What you should do — What is needed is every line from the one holding "온미소재가복지센터 위치 지도" to the last line of the data below, printed exactly and without pictures.

Task data —

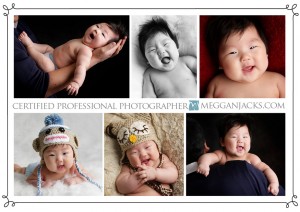 phoenix baby photographer, professional photographer, 3 month old baby portraits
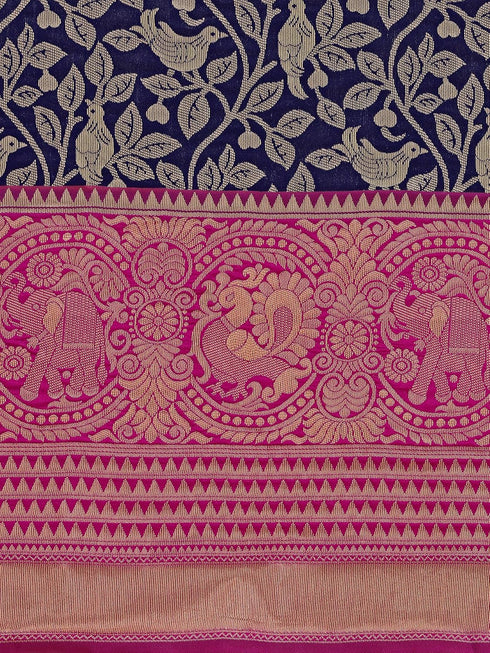 Vasthrlay Banarasi Weaving Saree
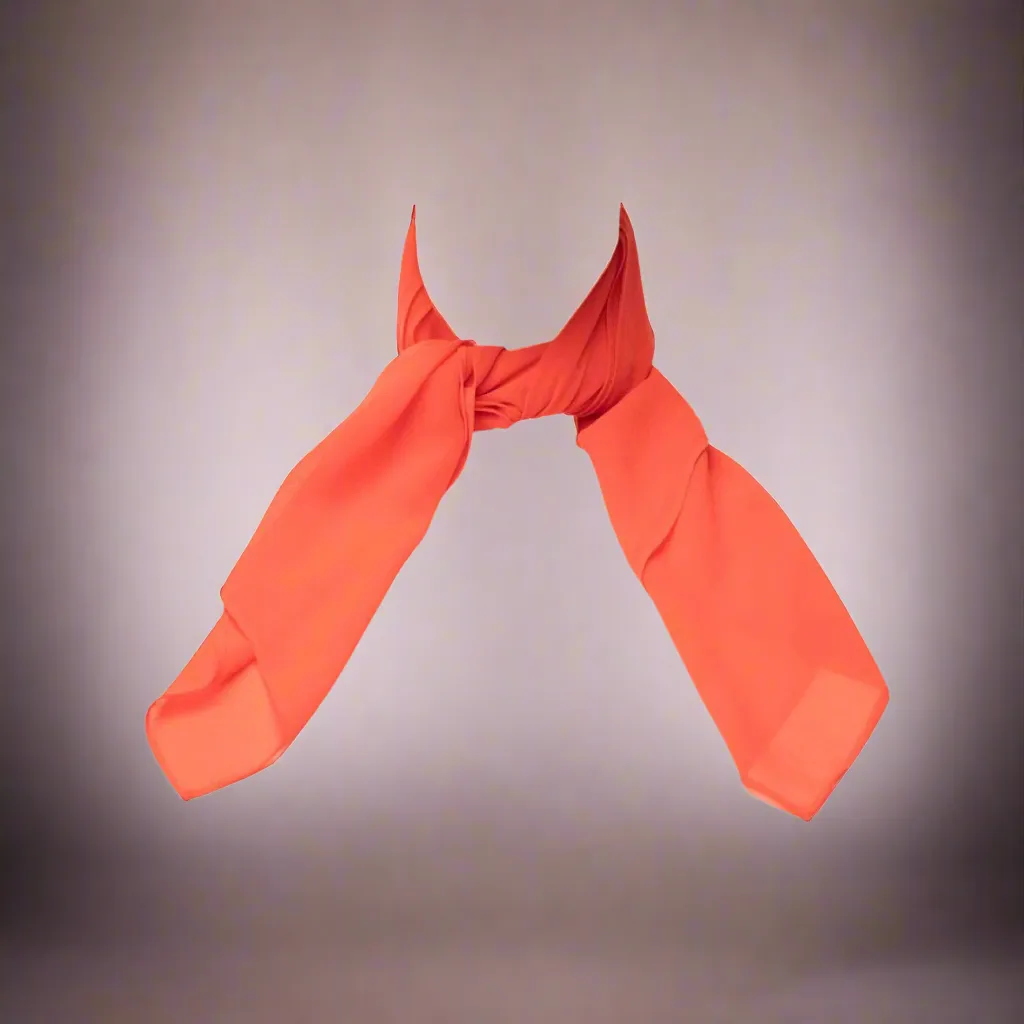 Tatyana Vintage-Inspired Hair Scarf haarsjaal roze blauw polyester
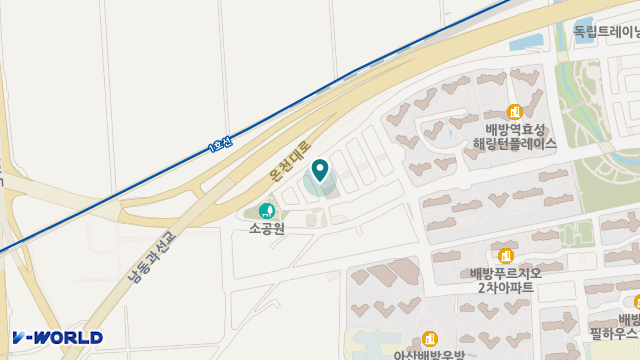 온미소재가복지센터 위치 지도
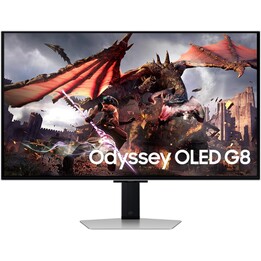 Samsung Odyssey OLED G8 Gaming-Monitor S32DG802SU 32´/ 4K/ 0,03 ms/ 240 Hz/ OLED/ Multimedia/ Höhenverstellbar/ Grau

Result —
 온미소재가복지센터 위치 지도
 Samsung Odyssey OLED G8 Gaming-Monitor S32DG802SU 32´/ 4K/ 0,03 ms/ 240 Hz/ OLED/ Multimedia/ Höhenverstellbar/ Grau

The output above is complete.